| TASK DIRECTIONS |
Images do not belong in the copy; retype the rest of the entries below exactly.

| Short text fragments from websites |
* * *
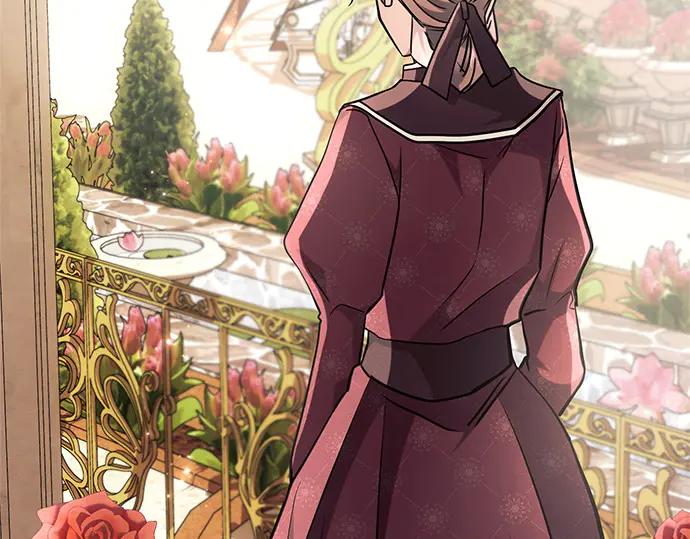 《黑暗皇女：雅什泰洛迪》第66话 第142页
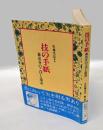 技の手紙 　森亮介の「こけし追求」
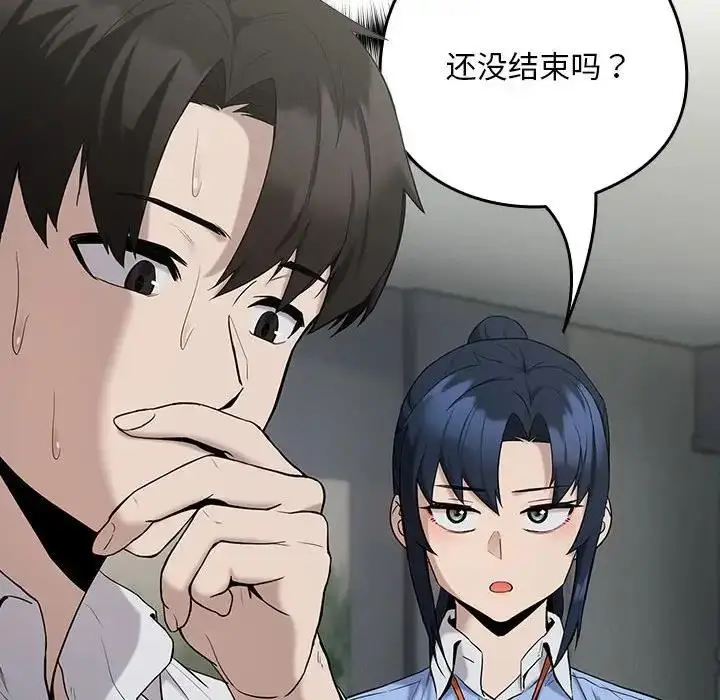 漫画《下班后的例行恋爱》第11话第94张图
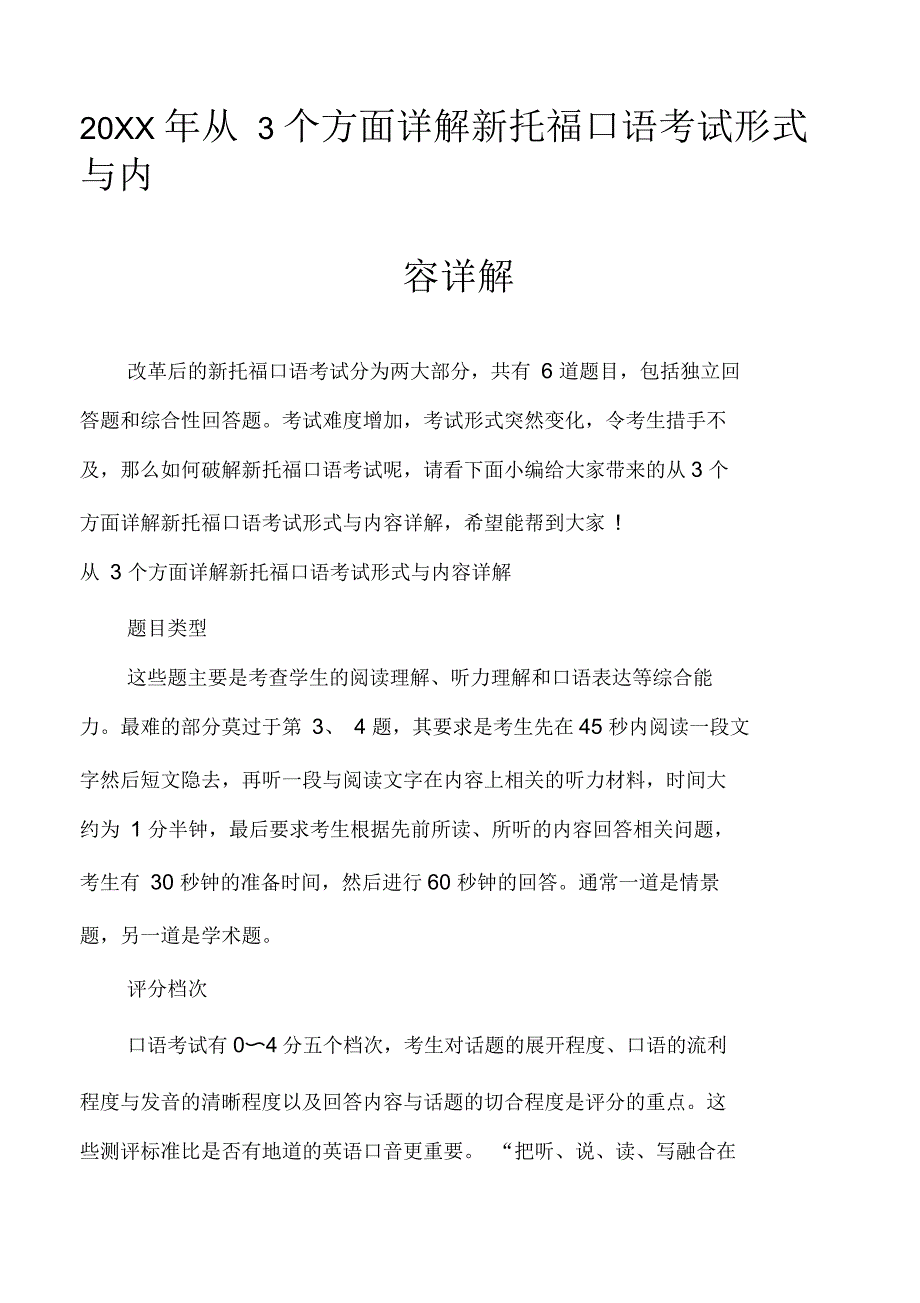 2021年从3个方面详解新托福口语考试形式与内容详解_第1页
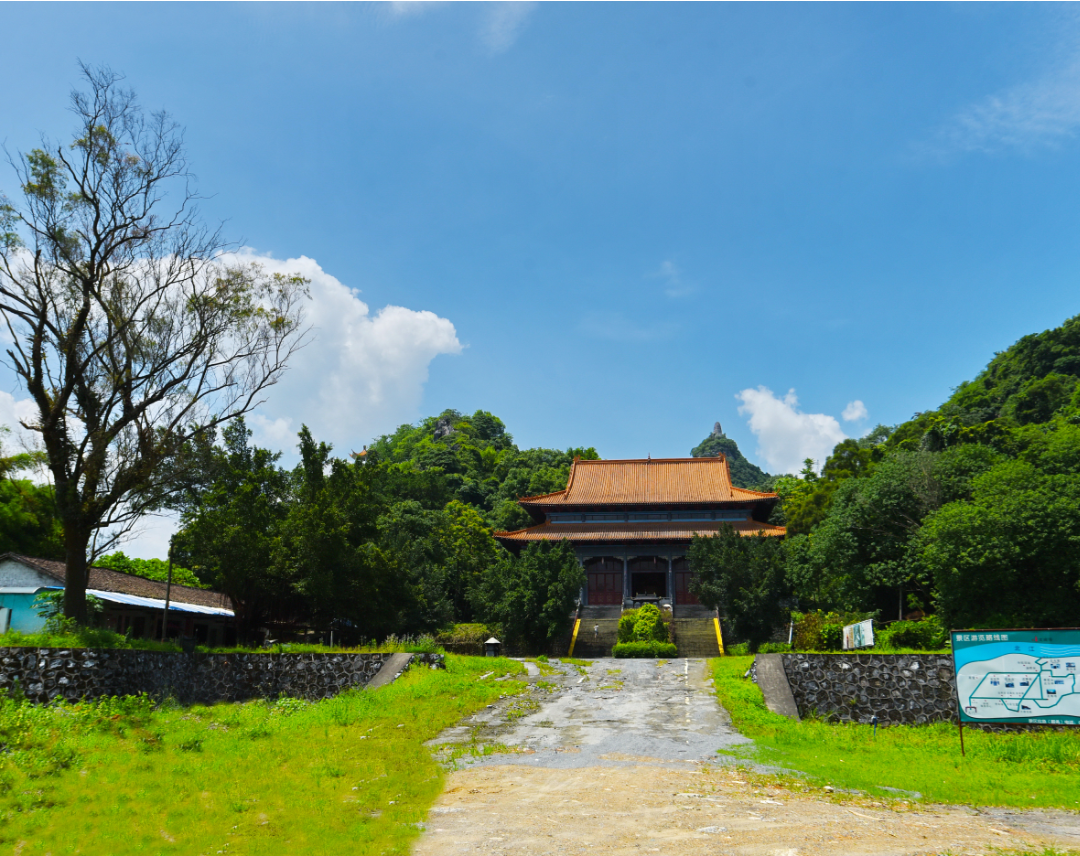 英德市南山圣寿寺筹委会会员登记表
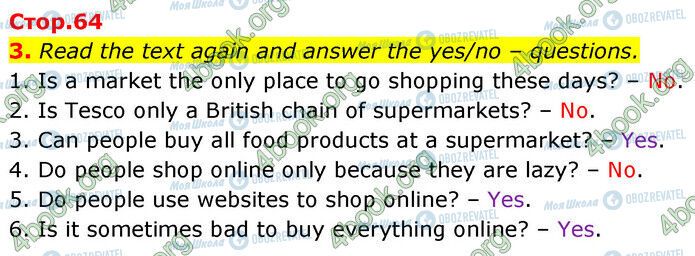 ГДЗ Английский язык 6 класс страница Стр.64 (3)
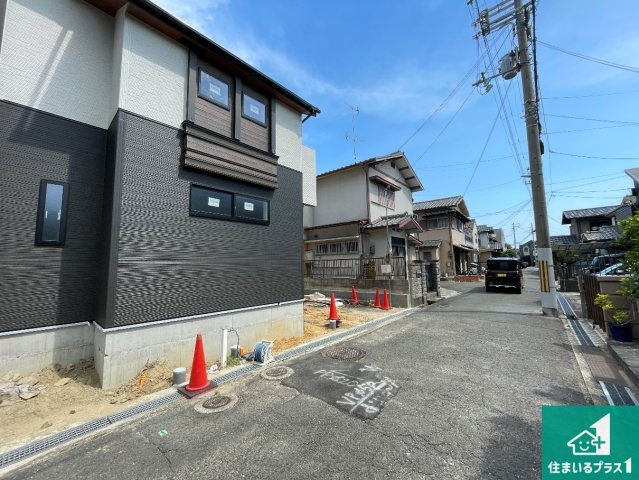 枚方市楠葉丘　新築一戸建ての前面道路含む現地写真|現在の進捗状況です！順調に作業進行中、完成が待ち遠しいです！詳細の間取り等、お気軽にお問い合わせください！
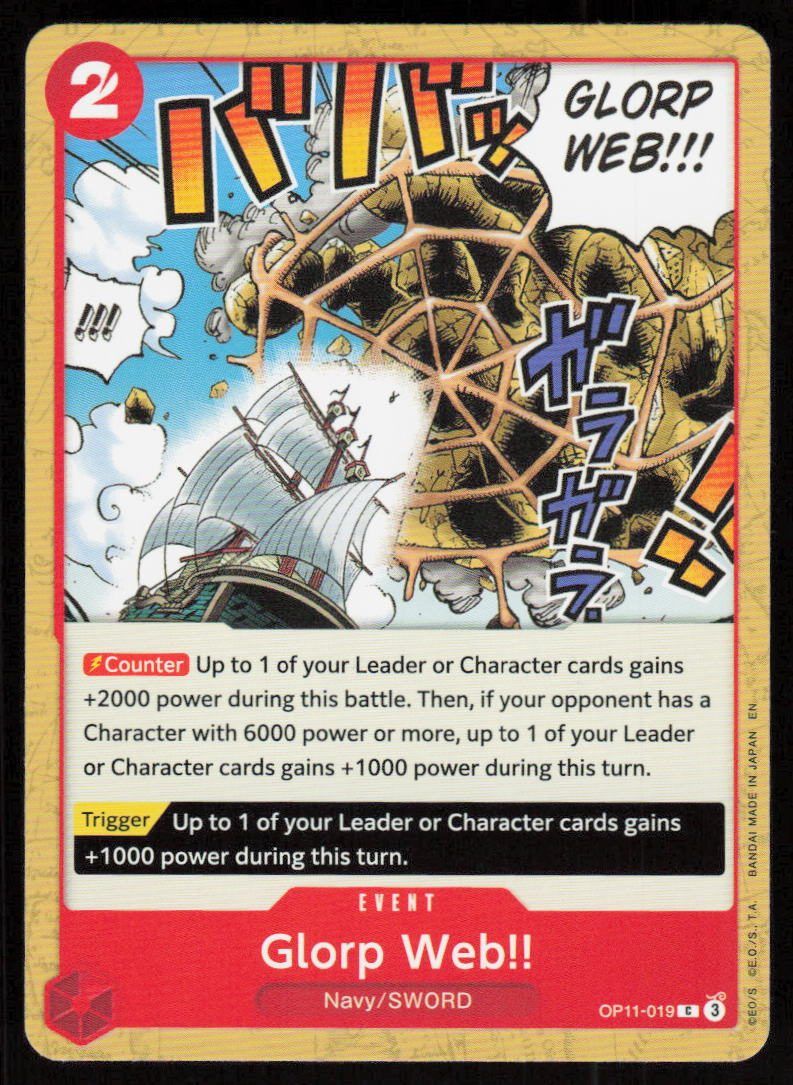 Glorp Web!! C A Fist of Divine Speed OP11-019 NM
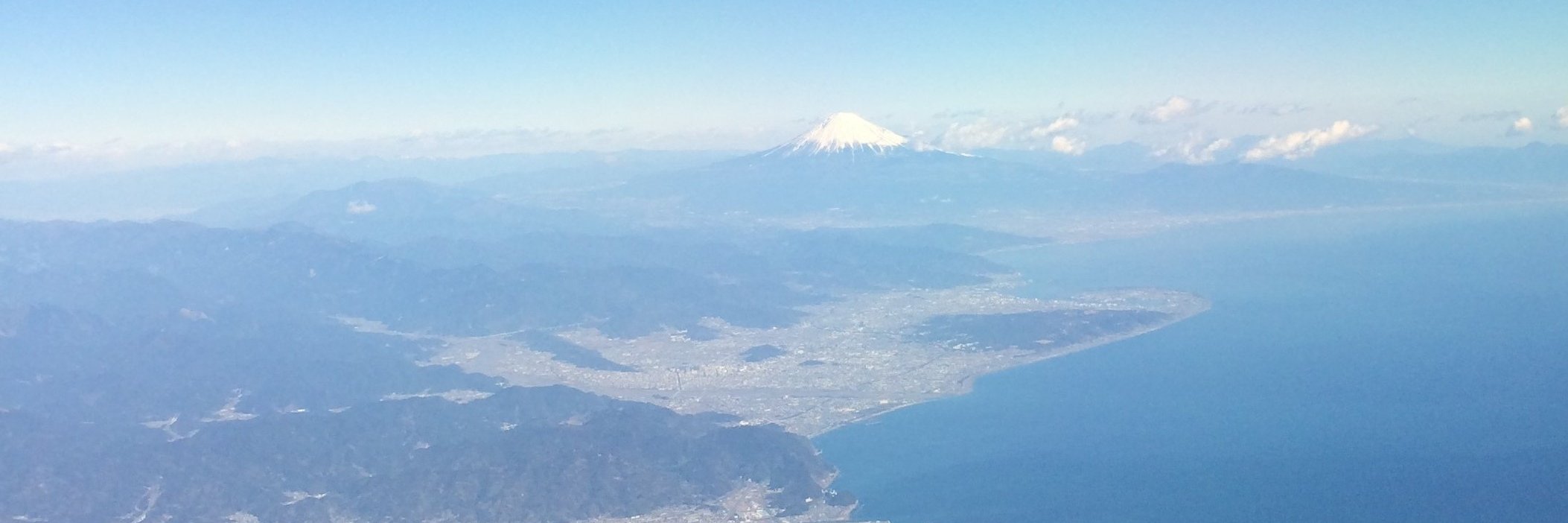 あれっくす。's banner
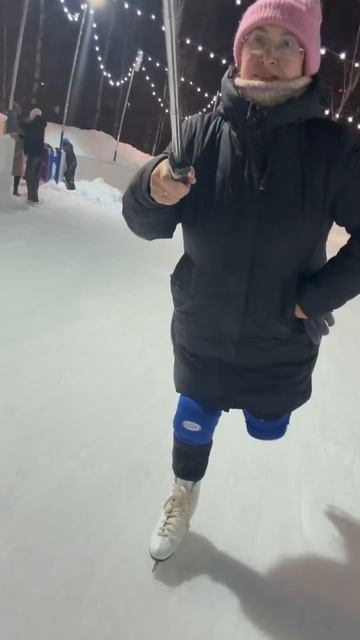Прекрасное время было ❄️⛸️😍🤩🥰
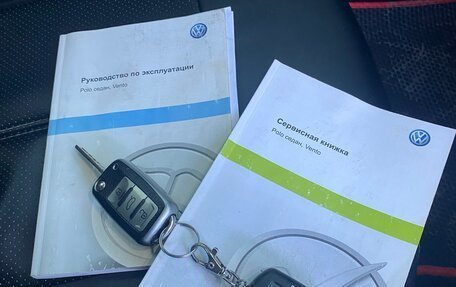 Volkswagen Polo VI (EU Market), 2012 год, 1 000 000 рублей, 19 фотография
* * *
| RESPONSE TO THE EXERCISE |
 《黑暗皇女：雅什泰洛迪》第66话 第142页
 技の手紙 　森亮介の「こけし追求」
 漫画《下班后的例行恋爱》第11话第94张图
 2021年从3个方面详解新托福口语考试形式与内容详解_第1页
 英德市南山圣寿寺筹委会会员登记表
 ГДЗ Английский язык 6 класс страница Стр.64 (3)
 枚方市楠葉丘　新築一戸建ての前面道路含む現地写真|現在の進捗状況です！順調に作業進行中、完成が待ち遠しいです！詳細の間取り等、お気軽にお問い合わせください！
 Glorp Web!! C A Fist of Divine Speed OP11-019 NM
 あれっくす。's banner
Прекрасное время было ❄️⛸️😍🤩🥰
 Volkswagen Polo VI (EU Market), 2012 год, 1 000 000 рублей, 19 фотография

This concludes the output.